The concert was cancelled two days after Azerbaijan launched on September 19 a military offensive in Nagorno-Karabakh that forced the region’s entire population to flee to Armenia. Despite that, Snoop Dogg and his production team received a performance fee of about $3 million.
The rest of the government money was paid to the Armenian organizer of the open-air concert, a little-known company called Doping Space. A new contract signed with the Ministry of Education, Science, Culture and Sports in February commits Doping Space to organizing the show “in the course of 2024.”
The company insisted this week that the concert will take place later this year. “We will inform you when the date is clear,” it told RFE/RL’s Armenian Service.
The sum allocated for the concert exceeds the annual budgets of most rural communities of Armenia. Critics condemned the government spending as reckless extravagance aimed at distracting Armenians from grave national security problems facing their country.
Government officials insisted that the money is worth it because the concert will raise Armenia’s international profile and attract thousands of foreign tourists.

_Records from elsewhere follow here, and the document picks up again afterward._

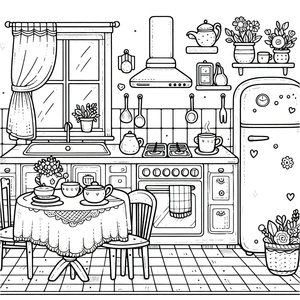 Ideal Kitchen Coloring Page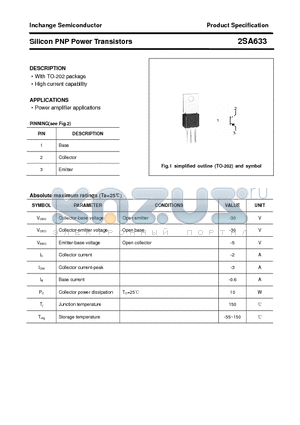 2SA633 datasheet - Silicon PNP Power Transistors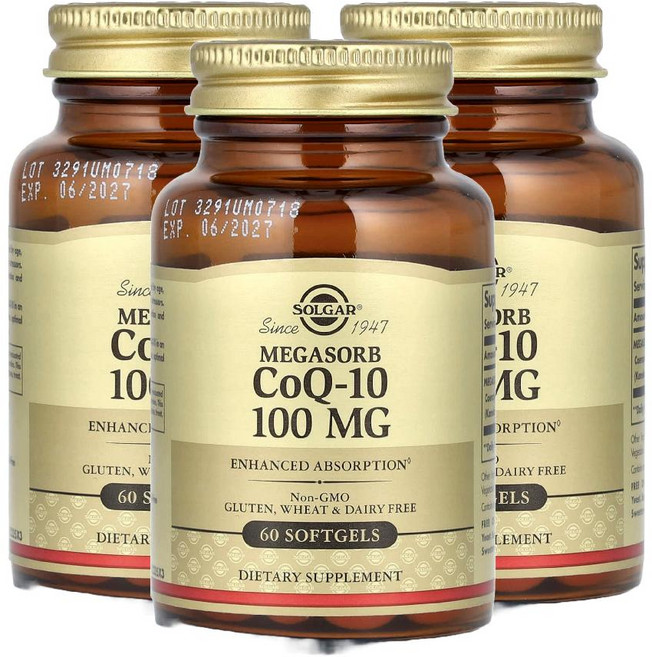 솔가 코큐텐 유비퀴논 레시틴 코엔자임Q10 100mg 60정 3개 CoQ10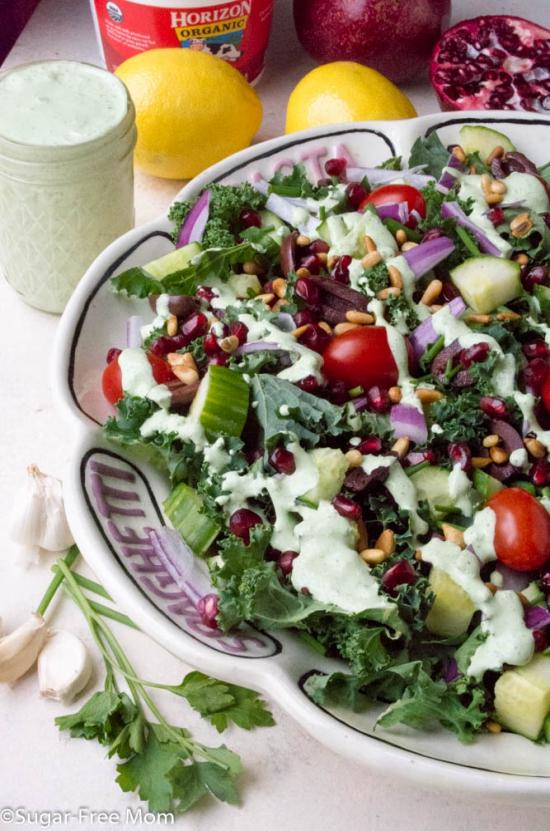 Low Carb Greek Goddess Kale Salad 2 servings Ready in 15 min.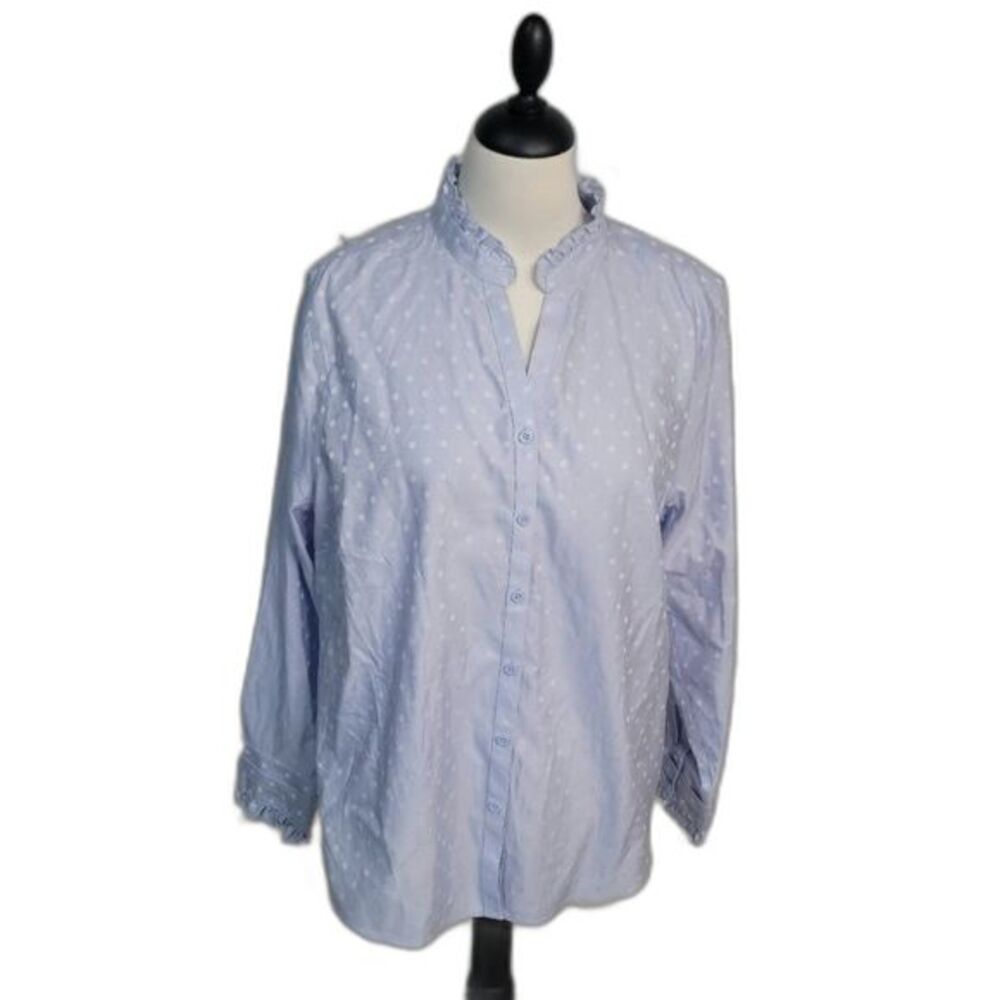 Chico's Button Down Blouse Ruffle Neck Polka dots Blue & White size 2 US 12/14
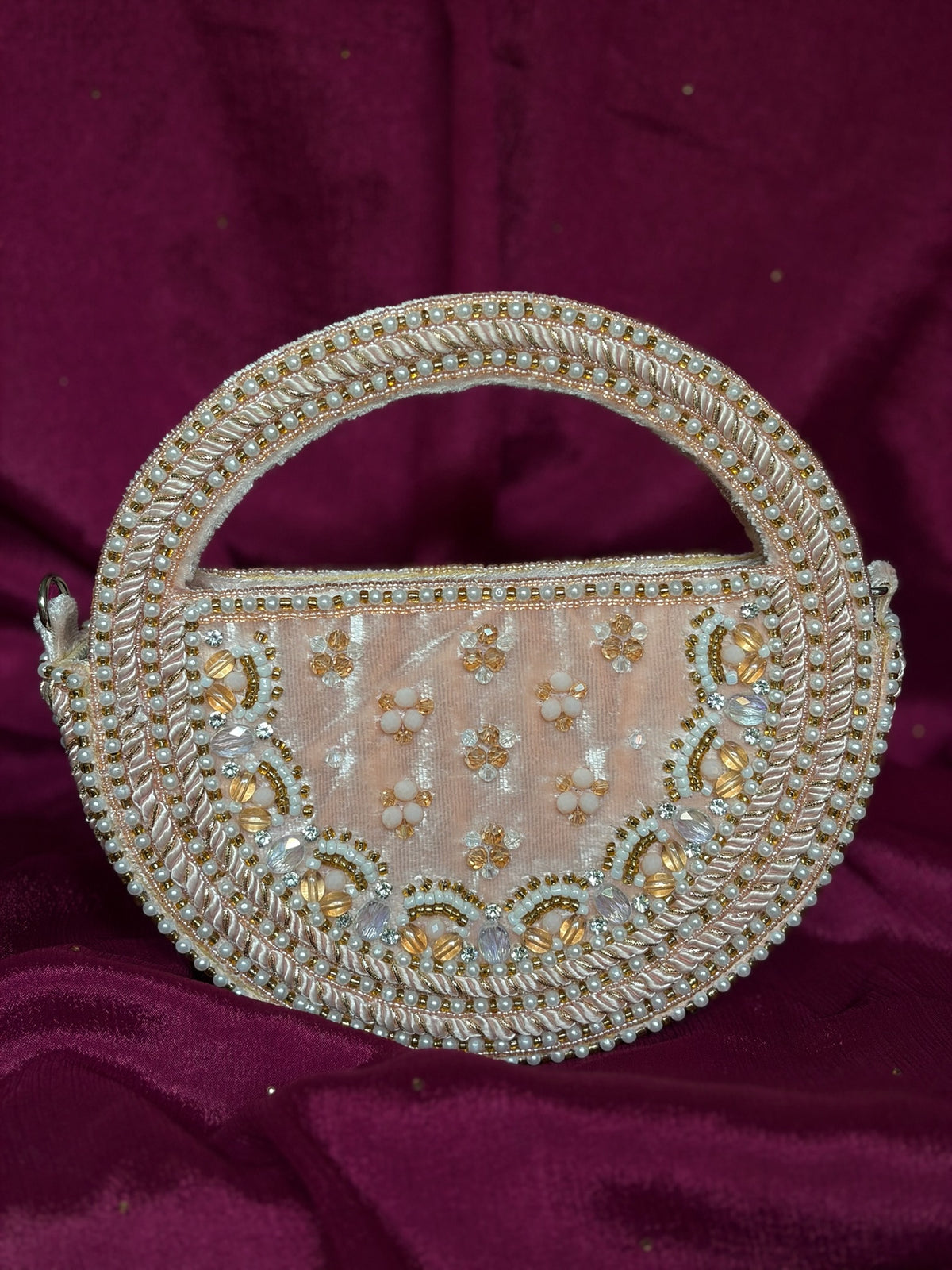 Ivory Maharani Pearl Round Bag
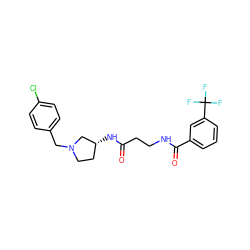 O=C(CCNC(=O)c1cccc(C(F)(F)F)c1)N[C@@H]1CCN(Cc2ccc(Cl)cc2)C1 ZINC000029125178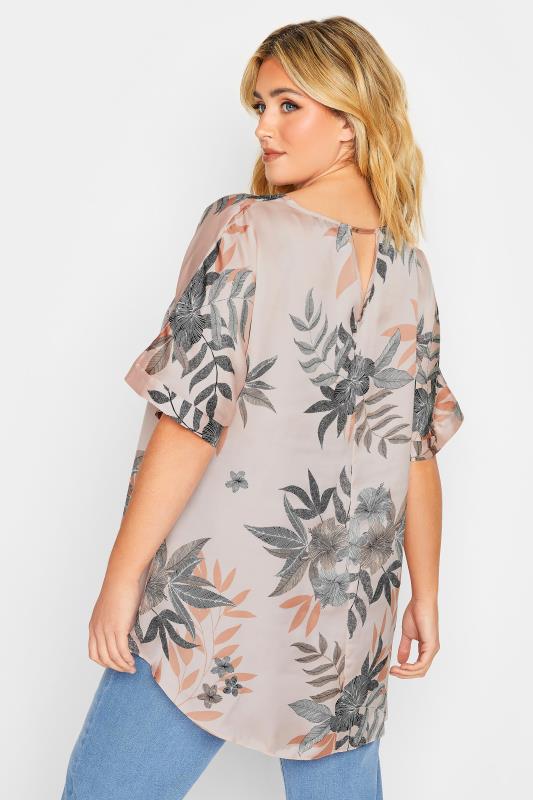YOURS Plus Size Pink Floral Print Keyhole Back Blouse | Yours Clothing 3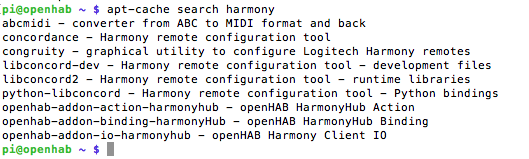 openhab apt-cache arama uyum bağlama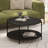Furinno Besi 2-Tier Modern Round Coffee Table Table with Sturdy Metal Legs, Black-987661627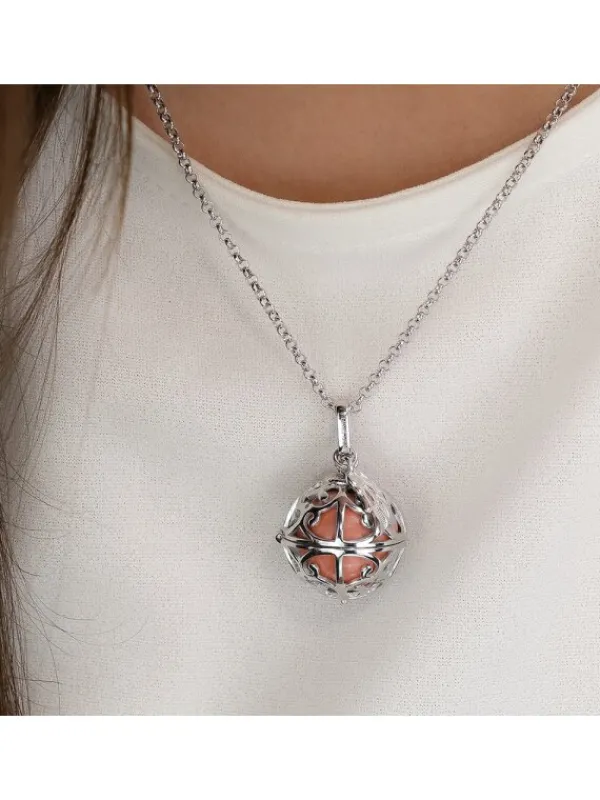 ENGELSRUFER Anhänger-Klangkugel Anhänger mit Flügel Perlmutt rose ER-23-16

The chief of Prime Minister Nikol Pashinian’s staff, Arayik Harutiunian, echoed that explanation when he spoke to reporters on Tuesday.
“If we want to become an international tourist destination, we have to make investments in order to develop the sector,” said Harutiunian.
But as Varuzhan Hoktanian, who runs Armenia’s leading anti-corruption watchdog affiliated with Transparency International, pointed out, the contract with Doping Space says nothing about tourism.
The Ministry of Education, Science, Culture and Sports financed the concert from its special budget designed to promote music and arts with a “national basis.” It did not explain how this relates to Snoop Dogg.
The rap star has had a history of using drugs. Some of his songs have drug references, a fact also cited by Armenian critics of the governing funding for his concert.